(DATASET EXCERPT):
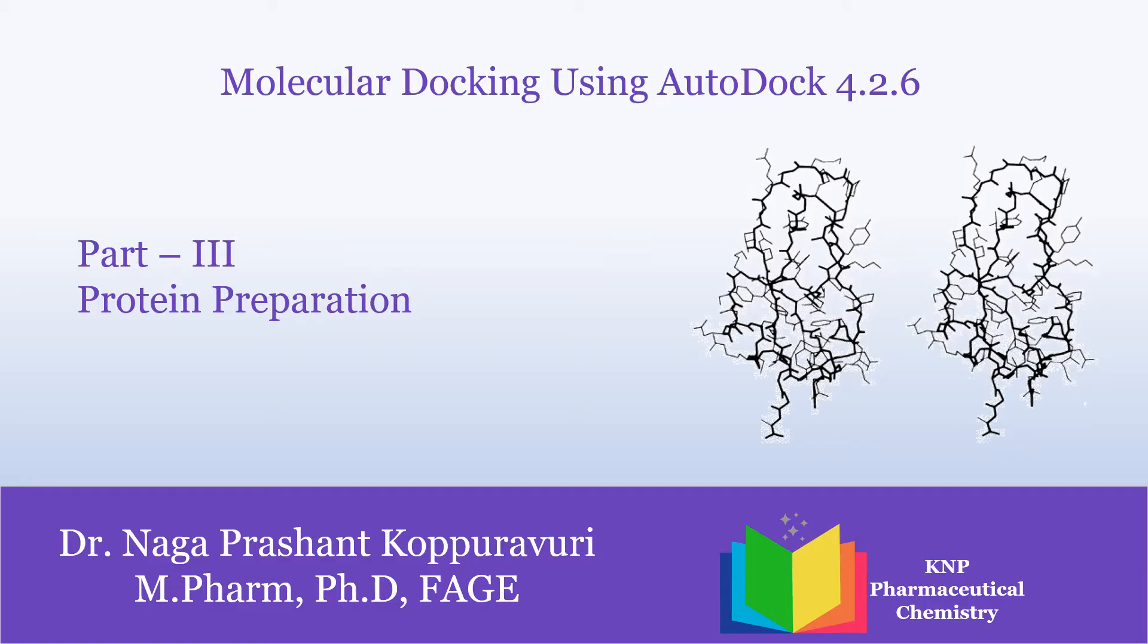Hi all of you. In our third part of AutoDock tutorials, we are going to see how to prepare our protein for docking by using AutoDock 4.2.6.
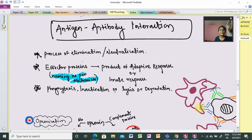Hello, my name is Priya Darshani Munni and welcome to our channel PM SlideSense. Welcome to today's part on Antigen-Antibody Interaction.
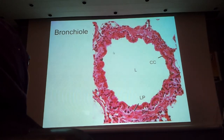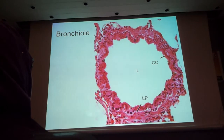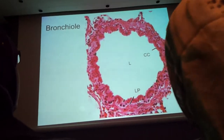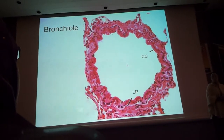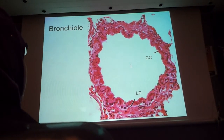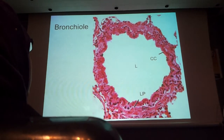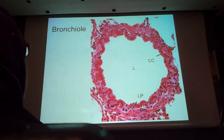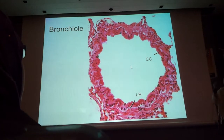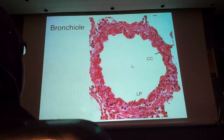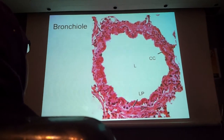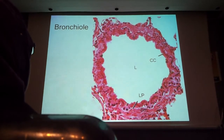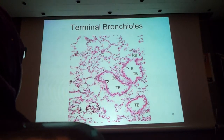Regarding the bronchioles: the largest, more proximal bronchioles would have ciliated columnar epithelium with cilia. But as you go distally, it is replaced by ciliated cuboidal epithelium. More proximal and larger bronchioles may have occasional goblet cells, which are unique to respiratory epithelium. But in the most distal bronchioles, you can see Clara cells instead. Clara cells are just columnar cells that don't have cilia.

(WORK TO BE COMPLETED): Restate the full listing word for word, excluding images.

(TASK OUTPUT):
Hi all of you. In our third part of AutoDock tutorials, we are going to see how to prepare our protein for docking by using AutoDock 4.2.6.
Hello, my name is Priya Darshani Munni and welcome to our channel PM SlideSense. Welcome to today's part on Antigen-Antibody Interaction.
Regarding the bronchioles: the largest, more proximal bronchioles would have ciliated columnar epithelium with cilia. But as you go distally, it is replaced by ciliated cuboidal epithelium. More proximal and larger bronchioles may have occasional goblet cells, which are unique to respiratory epithelium. But in the most distal bronchioles, you can see Clara cells instead. Clara cells are just columnar cells that don't have cilia.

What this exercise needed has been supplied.